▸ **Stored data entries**
+ + + + +
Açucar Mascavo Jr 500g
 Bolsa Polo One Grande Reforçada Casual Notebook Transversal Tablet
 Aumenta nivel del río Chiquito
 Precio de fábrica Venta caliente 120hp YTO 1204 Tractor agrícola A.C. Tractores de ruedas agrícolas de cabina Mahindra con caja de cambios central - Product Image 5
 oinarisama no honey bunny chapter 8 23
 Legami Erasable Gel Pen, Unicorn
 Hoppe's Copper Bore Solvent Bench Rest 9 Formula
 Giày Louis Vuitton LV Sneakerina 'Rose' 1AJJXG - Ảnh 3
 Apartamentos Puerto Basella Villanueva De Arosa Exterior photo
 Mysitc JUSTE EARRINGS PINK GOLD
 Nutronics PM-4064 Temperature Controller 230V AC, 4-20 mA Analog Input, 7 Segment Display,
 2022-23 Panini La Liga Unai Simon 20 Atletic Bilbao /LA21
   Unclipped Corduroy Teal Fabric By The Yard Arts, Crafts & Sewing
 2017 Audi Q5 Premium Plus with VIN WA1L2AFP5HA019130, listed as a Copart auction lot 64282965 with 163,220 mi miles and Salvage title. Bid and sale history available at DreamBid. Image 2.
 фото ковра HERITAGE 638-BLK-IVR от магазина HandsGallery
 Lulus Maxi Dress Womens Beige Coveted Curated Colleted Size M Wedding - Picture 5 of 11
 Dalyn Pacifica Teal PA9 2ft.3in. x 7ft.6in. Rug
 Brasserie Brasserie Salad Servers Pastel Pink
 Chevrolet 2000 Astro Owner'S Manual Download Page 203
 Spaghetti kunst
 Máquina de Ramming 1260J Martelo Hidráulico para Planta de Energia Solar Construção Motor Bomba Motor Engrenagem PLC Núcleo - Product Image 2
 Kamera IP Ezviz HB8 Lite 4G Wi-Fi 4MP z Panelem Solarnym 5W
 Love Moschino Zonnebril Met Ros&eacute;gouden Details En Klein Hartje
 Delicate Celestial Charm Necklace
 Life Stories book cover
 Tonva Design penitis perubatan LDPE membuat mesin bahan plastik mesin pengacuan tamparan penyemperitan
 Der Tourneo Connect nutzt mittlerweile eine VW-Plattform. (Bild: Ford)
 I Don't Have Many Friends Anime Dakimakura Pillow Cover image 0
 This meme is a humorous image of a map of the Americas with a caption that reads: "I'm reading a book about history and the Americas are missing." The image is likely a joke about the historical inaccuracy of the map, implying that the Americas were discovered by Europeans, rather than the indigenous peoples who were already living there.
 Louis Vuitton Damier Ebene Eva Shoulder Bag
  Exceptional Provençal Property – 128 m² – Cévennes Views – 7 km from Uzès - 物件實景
+ + + + +
▸ **WHAT YOU WILL DO**
Each entry above is to be transcribed without alteration.

▸ **ANSWER**
Açucar Mascavo Jr 500g
 Bolsa Polo One Grande Reforçada Casual Notebook Transversal Tablet
 Aumenta nivel del río Chiquito
 Precio de fábrica Venta caliente 120hp YTO 1204 Tractor agrícola A.C. Tractores de ruedas agrícolas de cabina Mahindra con caja de cambios central - Product Image 5
 oinarisama no honey bunny chapter 8 23
 Legami Erasable Gel Pen, Unicorn
 Hoppe's Copper Bore Solvent Bench Rest 9 Formula
 Giày Louis Vuitton LV Sneakerina 'Rose' 1AJJXG - Ảnh 3
 Apartamentos Puerto Basella Villanueva De Arosa Exterior photo
 Mysitc JUSTE EARRINGS PINK GOLD
 Nutronics PM-4064 Temperature Controller 230V AC, 4-20 mA Analog Input, 7 Segment Display,
 2022-23 Panini La Liga Unai Simon 20 Atletic Bilbao /LA21
   Unclipped Corduroy Teal Fabric By The Yard Arts, Crafts & Sewing
 2017 Audi Q5 Premium Plus with VIN WA1L2AFP5HA019130, listed as a Copart auction lot 64282965 with 163,220 mi miles and Salvage title. Bid and sale history available at DreamBid. Image 2.
 фото ковра HERITAGE 638-BLK-IVR от магазина HandsGallery
 Lulus Maxi Dress Womens Beige Coveted Curated Colleted Size M Wedding - Picture 5 of 11
 Dalyn Pacifica Teal PA9 2ft.3in. x 7ft.6in. Rug
 Brasserie Brasserie Salad Servers Pastel Pink
 Chevrolet 2000 Astro Owner'S Manual Download Page 203
 Spaghetti kunst
 Máquina de Ramming 1260J Martelo Hidráulico para Planta de Energia Solar Construção Motor Bomba Motor Engrenagem PLC Núcleo - Product Image 2
 Kamera IP Ezviz HB8 Lite 4G Wi-Fi 4MP z Panelem Solarnym 5W
 Love Moschino Zonnebril Met Ros&eacute;gouden Details En Klein Hartje
 Delicate Celestial Charm Necklace
 Life Stories book cover
 Tonva Design penitis perubatan LDPE membuat mesin bahan plastik mesin pengacuan tamparan penyemperitan
 Der Tourneo Connect nutzt mittlerweile eine VW-Plattform. (Bild: Ford)
 I Don't Have Many Friends Anime Dakimakura Pillow Cover image 0
 This meme is a humorous image of a map of the Americas with a caption that reads: "I'm reading a book about history and the Americas are missing." The image is likely a joke about the historical inaccuracy of the map, implying that the Americas were discovered by Europeans, rather than the indigenous peoples who were already living there.
 Louis Vuitton Damier Ebene Eva Shoulder Bag
  Exceptional Provençal Property – 128 m² – Cévennes Views – 7 km from Uzès - 物件實景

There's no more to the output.